This review proceeding is unique in that, while pending before us awaiting briefing and oral argument, jurisdiction over the rates in question was transferred by Congress from the ICC to the Federal Energy Regulatory Commission (FERC), and the latter has been substituted for the ICC as the respondent agency. FERC has advised this court that it takes no position with respect to the merits of the order under attack, and urges us rather to forego adjudication on the merits in favor of a remand of the case to it so that it can formulate, independently to the ICC, the regulatory principles it finds to be suitable for application in this new area of responsibility committed to it.

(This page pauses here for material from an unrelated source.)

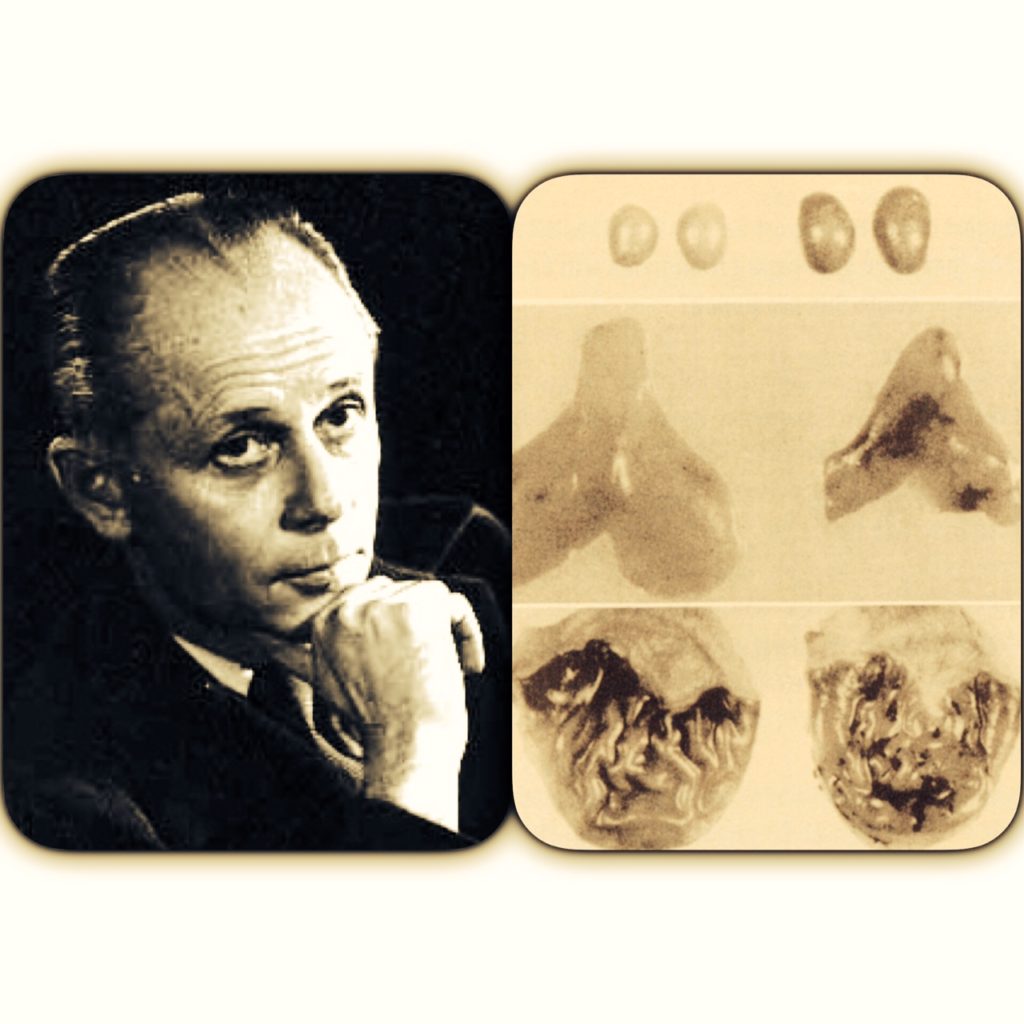 This Depicts Dr. Hans Seleye next to images of the triad condition which can be produced by over exposure to any stress.  The symptoms were  A) the enlargement of the adrenal gland  B) the shrinking of the Thymus,  C) the ulceration of the upper gastrointestinal tract.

The United States, a statutory respondent, purporting to see deficiencies in the ICC's decision, supports FERC's remand request.

The court, now having had the benefit of full briefing and oral argument of the merits by all parties except FERC, has concluded, to the extent and for the reasons hereinafter appearing, to remand the case to FERC for determination by it, under its new authority, of the compatibility of the subject rates with 49 U.S.C. $ 1(5)(a), and, in light of its findings thereon, for examination of the preference issue under id. $ 3(1). As to the existence of discrimination, however, petitioners' failure properly to raise the issue before the ICC mandates our affirmance of that agency's decision insofar as it is based on id. $ 2.


Williams, an independent common carrier, is a relatively new entrant in the oil pipeline transmission industry, having begun doing business in 1966 with the purchase of Great Lakes Pipe Line Co. (Great Lakes). It acquired the physical assets of Great Lakes from eight petroleum producer-owners for $287.6 million—the highest among the competitive bids received. The pipeline system thus acquired serves a large portion of the Midwest, with connections in such producing and refining cities as Tulsa, Fargo, Lincoln, and Topeka, and in such consuming cities as East St. Louis, Chicago, and Minneapolis. By interconnecting with intervenor Explorer Pipeline Co. (Explorer) at Tulsa, Williams also may connect refineries located along the Gulf Coast of Texas and Louisiana with consumers in the Midwest.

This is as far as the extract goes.